§ **HOW TO COMPLETE THIS TASK**: Leave the pictures out and repeat the rest of the data below exactly.

§ **MATERIAL PROVIDED**:
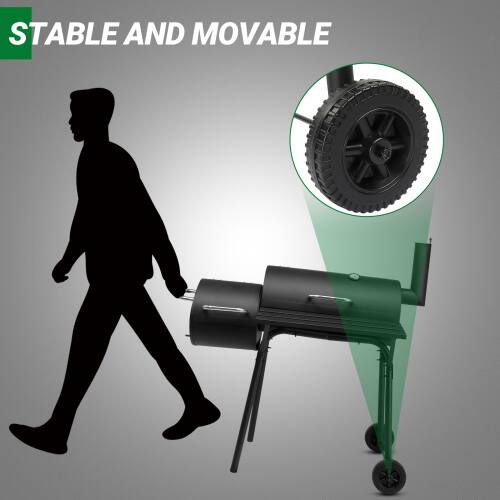STABLE AND MOVABLE
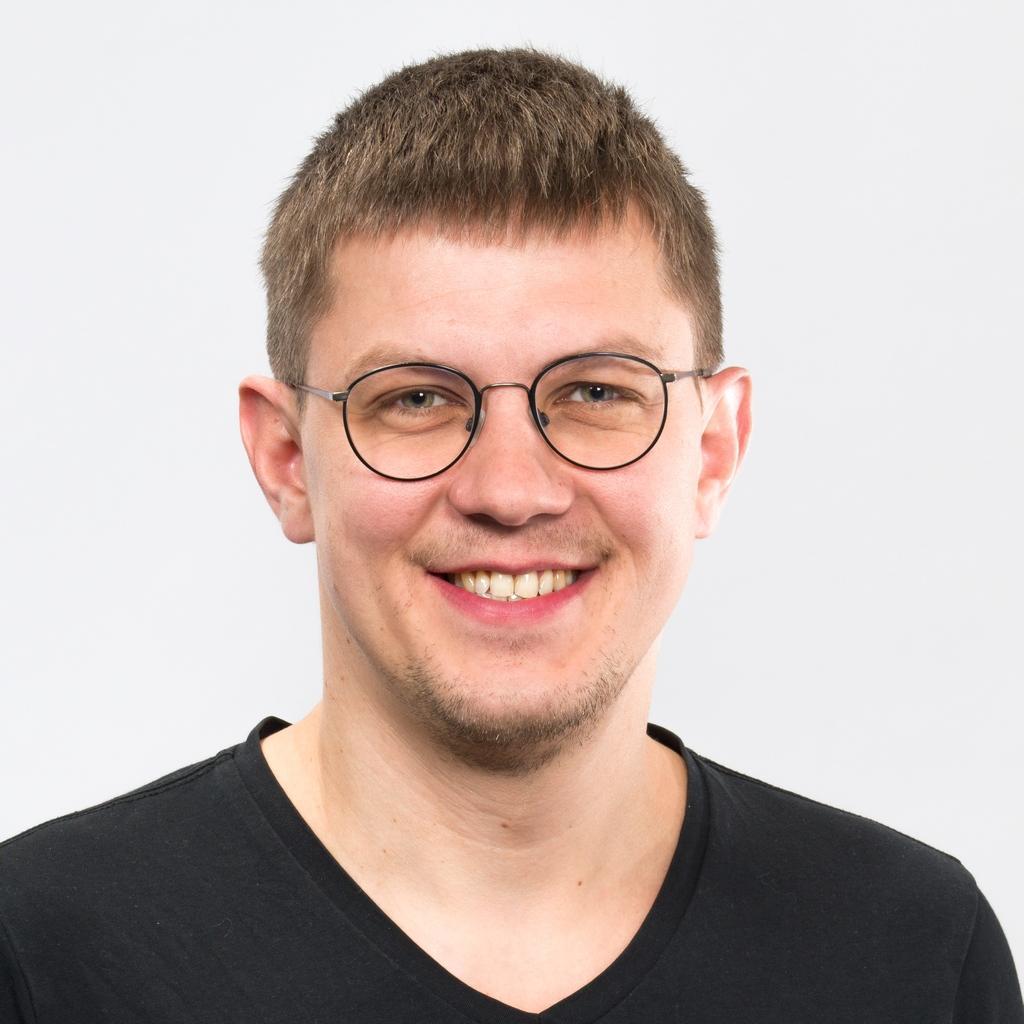 Profilbild von Daniel Mäder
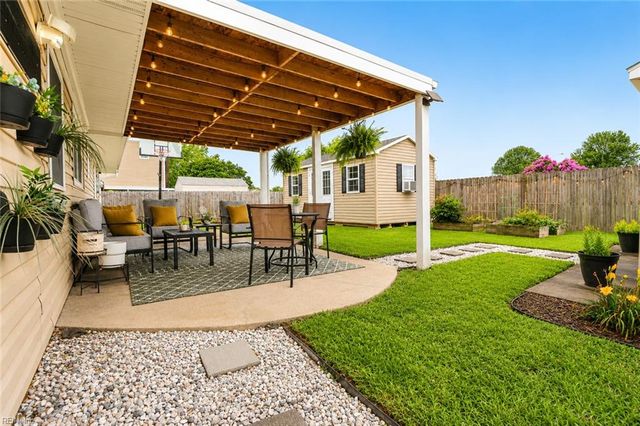 724 Spooner RD, Virginia Beach, VA 23462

§ **SOLUTION FOR THIS EXERCISE**:
STABLE AND MOVABLE
 Profilbild von Daniel Mäder
 724 Spooner RD, Virginia Beach, VA 23462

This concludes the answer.